Robustness of noise level

In the process of collecting raw traffic data, noise may inadvertently be introduced, which is quite common in practical applications. To address this, we introduced Gaussian noise into the original dataset to simulate this scenario and compare the robustness of the five methods under different levels of noise. In this section, we conducted experiments by adding Gaussian noise with mean 0 and variances of 0.2, 0.4, and 0.6 to the original dataset, respectively.

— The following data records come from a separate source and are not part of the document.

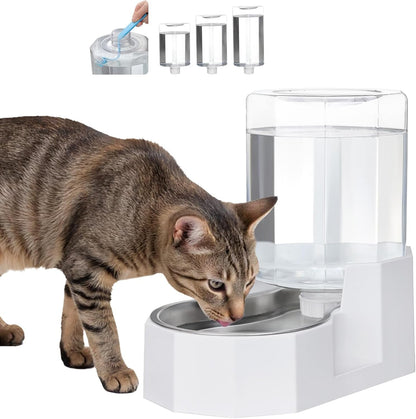 Sfozstra 5L Cat Gravity Water Bowl Dispenser: Stainless Steel Bowl | No Power Needed / No Filter Required / Spill Proof Design / Easy Cleaning / Cats & Small Dogs / Home Crate Area & Travel17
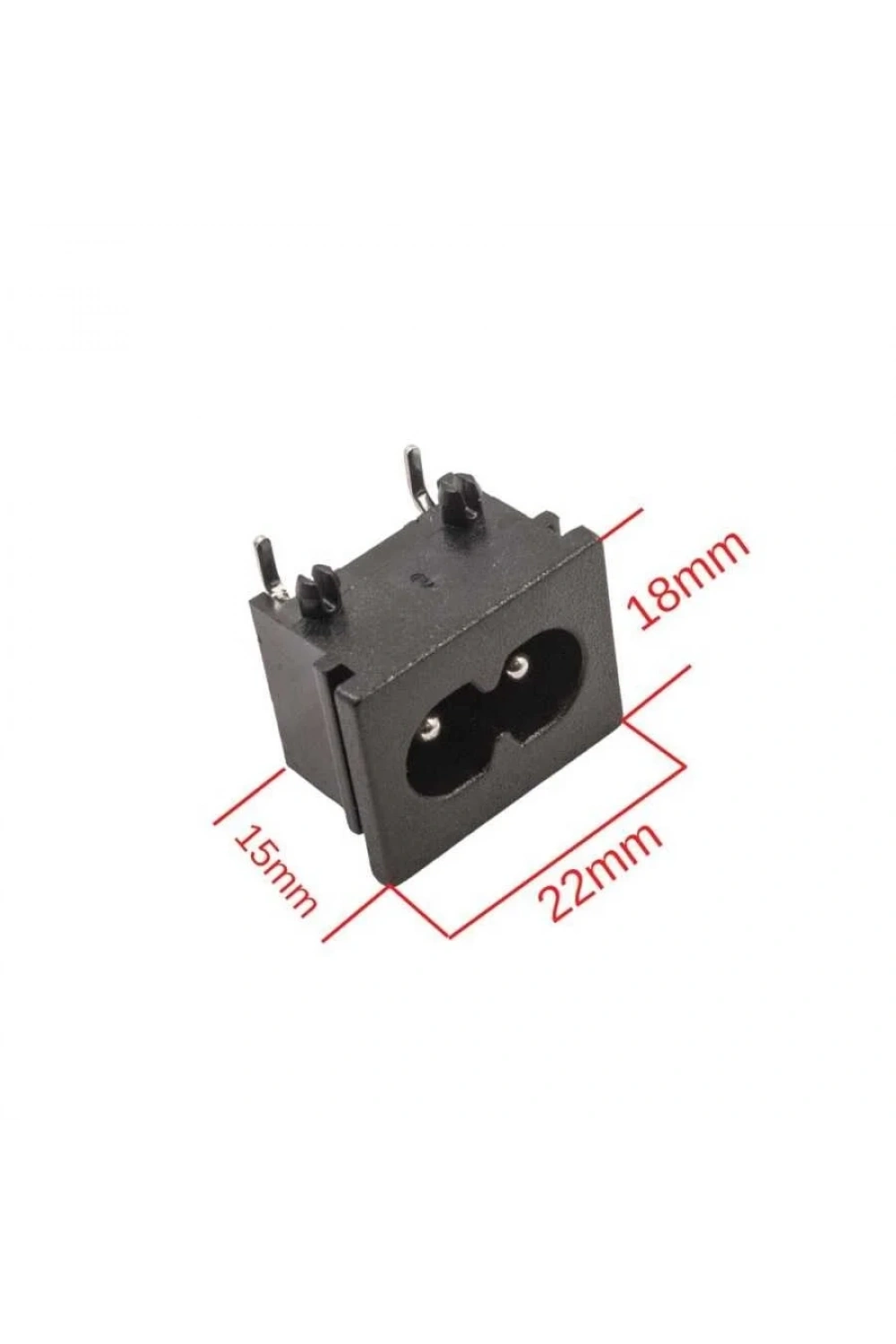 LH-8 C8 Erkek Power Soketi 90 Derece 23x18mm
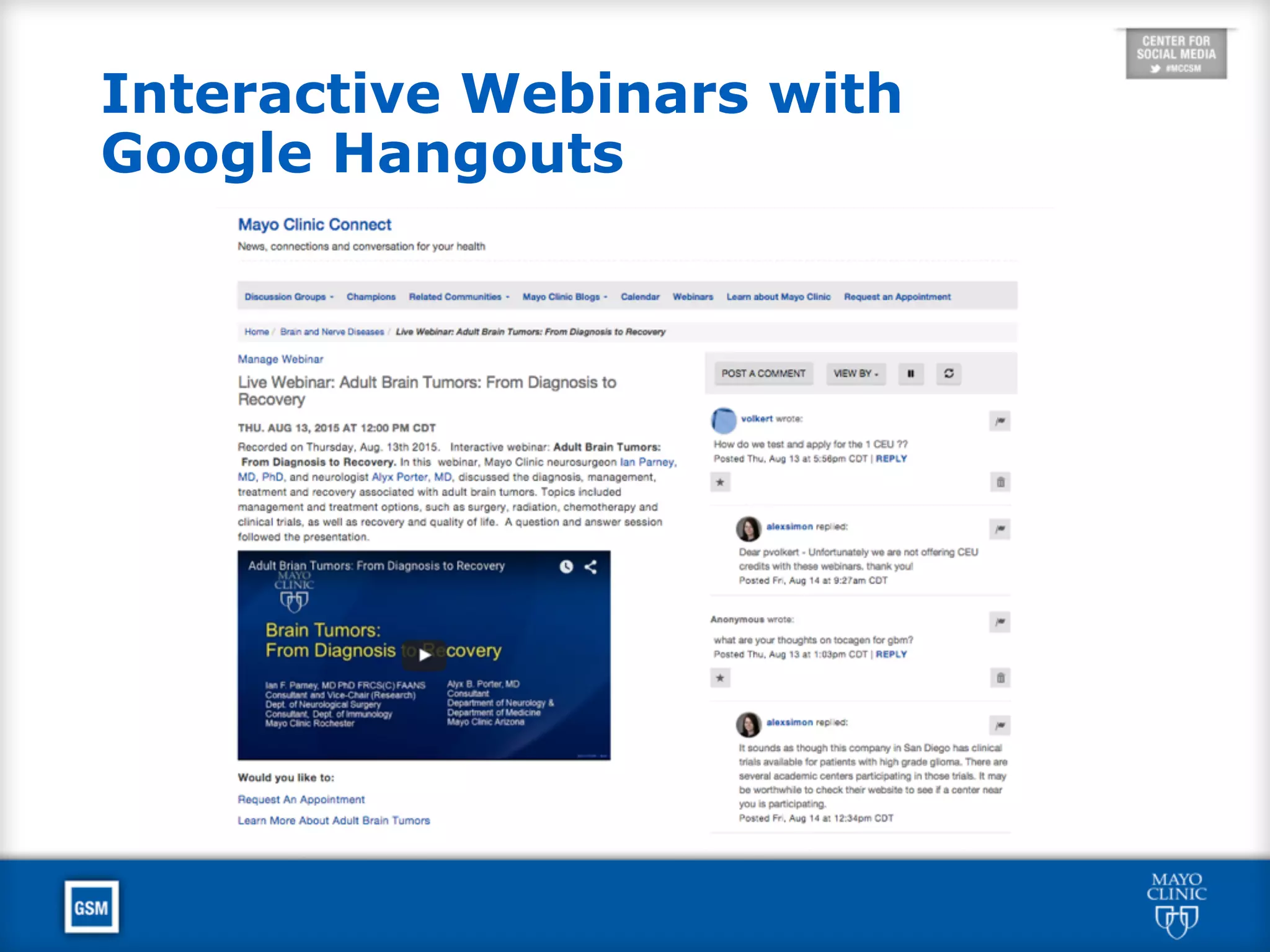 Interactive Webinars with
Google Hangouts
 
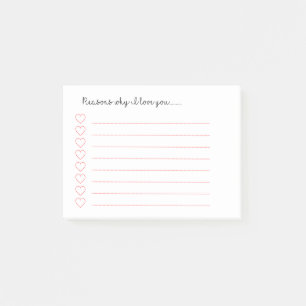 Gründe, warum ich dich Liebe habe.............. Post-it Klebezettel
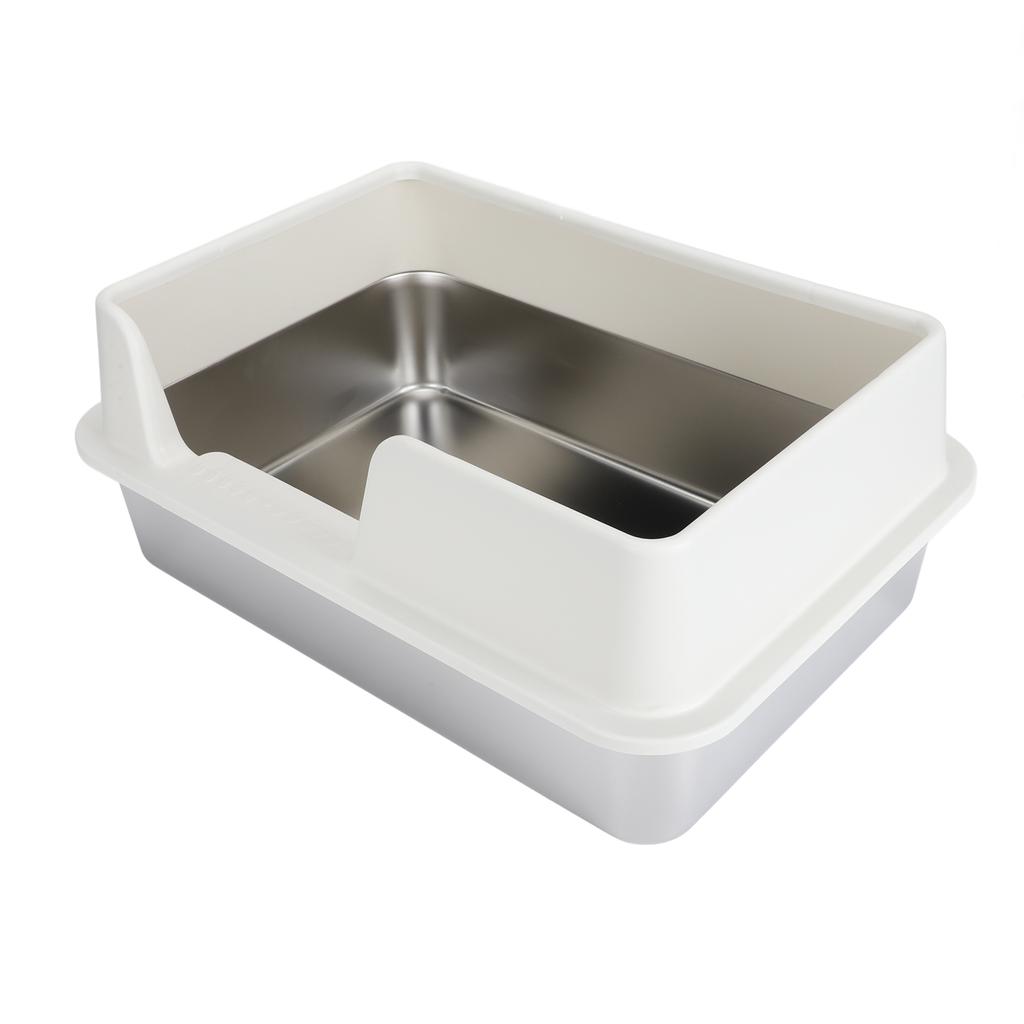 Kattlåda i rostfritt stål Höga kanter Stänksäker Lätt att rengöra Sluten kattlåda för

The experimental accuracies are shown in Figs. 10, 11 respectively. Figure 10 displays the accuracy of 20-class classification on the USTC-TFC2016 dataset, while Fig. 11 presents the accuracy of 12-class classification on the ISCX-VPN-NonVPN-2016 dataset. From the figures, it is evident that ADGCN exhibits greater stability in the presence of noise compared to the other four methods, contrasting with its performance in robustness to dataset sample size. This is mainly attributed to the use of AE for traffic reconstruction in ADGCN, as AE is known for its denoising capabilities.

Fig. 10
figure 10

The accuracy of dataset noise level robustness experiment on USTC-TFC2016 dataset.

Fig. 11
figure 11

The accuracy of dataset noise level robustness experiment on ISCX-VPN-NonVPN-2016 dataset.

Conclusion

Traffic classification plays a crucial role in various fields such as network management and security. Through effective traffic classification, network administrators can identify and prioritize critical data, ensuring the rational allocation of network resources. Additionally, traffic classification aids in identifying and thwarting potential network attacks, thereby enhancing network security. In this paper, we propose ADGCN, a novel traffic classification method. ADGCN effectively combines AE and GCNII to achieve traffic classification on few-shot datasets. ADGCN ingeniously leverages the characteristics of AE by using them for traffic reconstruction, thereby mitigating the adverse effects of zero padding. Subsequently, GCNII is employed for traffic classification. GCNII, a deep GCN, compensates for the deficiency of few-shot datasets by exploiting the advantages of deep learning techniques. ADGCN demonstrates versatility in traffic classification across various scenarios. In this paper, we conducted experiments on encrypted malicious traffic classification, encrypted regular traffic classification, and encrypted traffic classification under VPN scenarios, all of which presented decent results. ADGCN exhibits a minimum improvement of approximately 3.5% in accuracy compared to existing methods, observed in the scenario of six-class classification of encrypted traffic under VPN conditions. Its maximum improvement, approximately 24% in accuracy, was observed in the classification of regular encrypted traffic on the ISCX-VPN-NonVPN-2016 dataset. The drawback lies in the use of AE for data reconstruction, which requires a majority of longer-length traffic instances within a class to learn feature representations from other instances instead of relying on zero-padding for shorter-length traffic. If a class predominantly consists of shorter-length traffic, it becomes challenging to learn new feature representations to replace zeros after reconstruction. In future work, we aim to explore novel methods to address this dilemma.